• EXCERPTED RECORDS
•••

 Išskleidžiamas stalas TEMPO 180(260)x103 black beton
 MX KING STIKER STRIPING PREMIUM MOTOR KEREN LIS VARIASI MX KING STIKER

•••

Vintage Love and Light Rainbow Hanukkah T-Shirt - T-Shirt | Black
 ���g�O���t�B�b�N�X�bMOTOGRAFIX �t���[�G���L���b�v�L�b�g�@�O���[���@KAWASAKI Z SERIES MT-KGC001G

•••

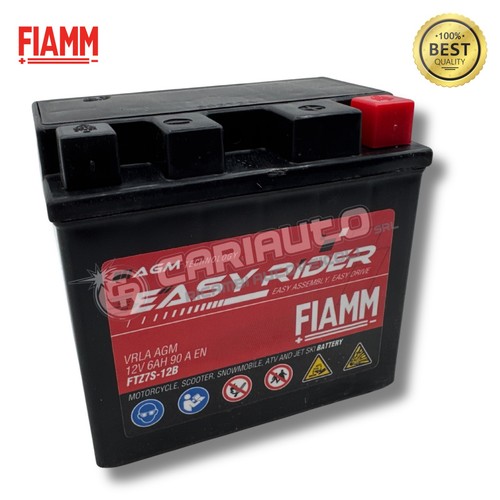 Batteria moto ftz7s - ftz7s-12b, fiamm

•••

• WORK ITEM
Would you retype exactly the lines above, from the line with "Išskleidžiamas stalas TEMPO" to the line with "MX KING STIKER STRIPING", with both end lines kept and nothing more?

• SOLUTION FOR THIS TASK
 Išskleidžiamas stalas TEMPO 180(260)x103 black beton
 MX KING STIKER STRIPING PREMIUM MOTOR KEREN LIS VARIASI MX KING STIKER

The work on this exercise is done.